La partita di calcio in carcere tra genitori e figli
Ieri nelle Case circondariali di Ragusa e Lodi si sono giocate le ultime “Partita con mamma e papà” del 2025. L’iniziativa è promossa dall’associazione Bambinisenzasbarre all’interno degli istituti penitenziari italiani e realizzata, dal 2015, in collaborazione con il Dipartimento dell’Amministrazione Penitenziaria.
Agli incontri hanno preso parte decine di bambini accompagnati da un familiare e i padri detenuti. Un appuntamento pensato per offrire uno spazio di relazione e condivisione tra genitori e figli in un contesto eccezionale come quello carcerario.
L’evento rientra nella sessione invernale della “Partita con mamma e papà”, avviata dopo quella estiva dello scorso giugno. La realizzazione dell’iniziativa è resa possibile grazie alla rete nazionale di Bambinisenzasbarre e al contributo delle associazioni partner attive nei territori.
La “Partita con mamma e papà” consente ai figli e ai genitori detenuti di vivere un’esperienza dal forte valore simbolico e affettivo, con l’obiettivo di sensibilizzare sul tema delle pari opportunità e dell’inclusione sociale dei minori, contrastando stigma e pregiudizi nei confronti dei figli di persone recluse. L’iniziativa si inserisce in un più ampio percorso di attenzione e sostegno alla genitorialità negli istituti penitenziari.
Nata dieci anni fa nel carcere di San Vittore a Milano, la “Partita” si è progressivamente consolidata come parte integrante del percorso trattamentale dei genitori detenuti, configurandosi come strumento innovativo per il lavoro sulla genitorialità in carcere. L’evento ludico rappresenta infatti l’esito di un percorso preparatorio che comprende incontri, gruppi di parola e attività educative, coinvolgendo detenuti, figli, famiglie e personale penitenziario.
Nel tempo l’iniziativa ha acquisito una crescente rilevanza sociale e istituzionale. In Italia ha ottenuto il riconoscimento della Presidenza del Consiglio dei Ministri – Dipartimento per le Politiche della Famiglia – mentre a livello internazionale è sostenuta dalla rete europea COPE e dalla UEFA Foundation for Children. Le partite hanno visto la partecipazione di rappresentanti delle istituzioni, del territorio e della società civile, contribuendo a rafforzare il legame tra carcere e comunità esterna.
In dieci anni di attività, la “Partita con mamma e papà” ha coinvolto oltre 26.500 bambini e familiari, con più di 580 eventi organizzati negli istituti penitenziari italiani.
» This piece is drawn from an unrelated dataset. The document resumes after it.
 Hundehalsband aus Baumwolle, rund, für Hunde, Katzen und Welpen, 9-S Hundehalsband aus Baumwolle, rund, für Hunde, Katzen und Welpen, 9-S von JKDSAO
L’iniziativa si conferma oggi come uno degli appuntamenti centrali per la tutela del diritto alla continuità affettiva dei figli di genitori detenuti e per la promozione di una cultura inclusiva.
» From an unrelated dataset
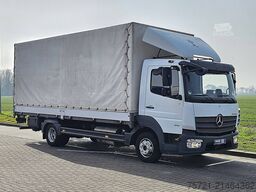 MERCEDES-BENZ ATEGO 816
«La Partita con mamma e papà offre ai bambini l’opportunità di vivere momenti di normalità con il proprio genitore detenuto, contribuendo a mantenere un legame affettivo durante la reclusione», ha spiegato Floriana Battevi, vicepresidente di Bambinisenzasbarre, durante un’iniziativa nel carcere “Gozzini” di Firenze.
Le modalità dell’evento variano a seconda degli istituti: in estate a San Vittore si è svolto un mini torneo di calciobalilla con squadre composte da genitori e figli; a Bollate hanno partecipato anche due ex calciatori, Gabriel Paletta e Lucas Biglia, che al termine della partita hanno incontrato i bambini per foto e autografi.
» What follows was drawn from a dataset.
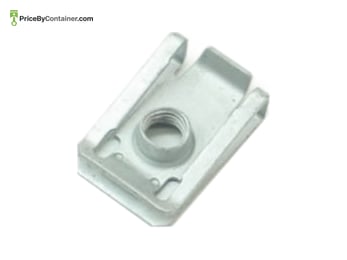 MERCEDES-BENZ 0009905037 — Mercedes-Benz Genuine SPRING LOCK NUT 0009905037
«È uno degli strumenti più efficaci per perseguire la nostra missione: tutelare il diritto dei bambini a mantenere il rapporto con il genitore detenuto», si legge sulla pagina ufficiale dell’associazione. Emozioni che emergono anche dalle testimonianze raccolte durante gli eventi: «Papà, non mi divertivo così da tanto. È stato bellissimo», ha detto una bambina stringendo la mano del padre durante l’appuntamento nel carcere di Poggioreale, come riportato dal canale Facebook di Bambinisenzasbarre.
«È bellissimo. È una grande emozione. Perché avere un'affettività familiare stando in carcere è la cosa più complicata per noi detenuti», ha raccontato un padre nello stesso istituto. Al termine della partita, tra un gelato e il pranzo condiviso, ci sono sempre i saluti e l’attesa del prossimo incontro. «Possiamo giocare anche la prossima volta che torno?», ha chiesto un bambino al papà.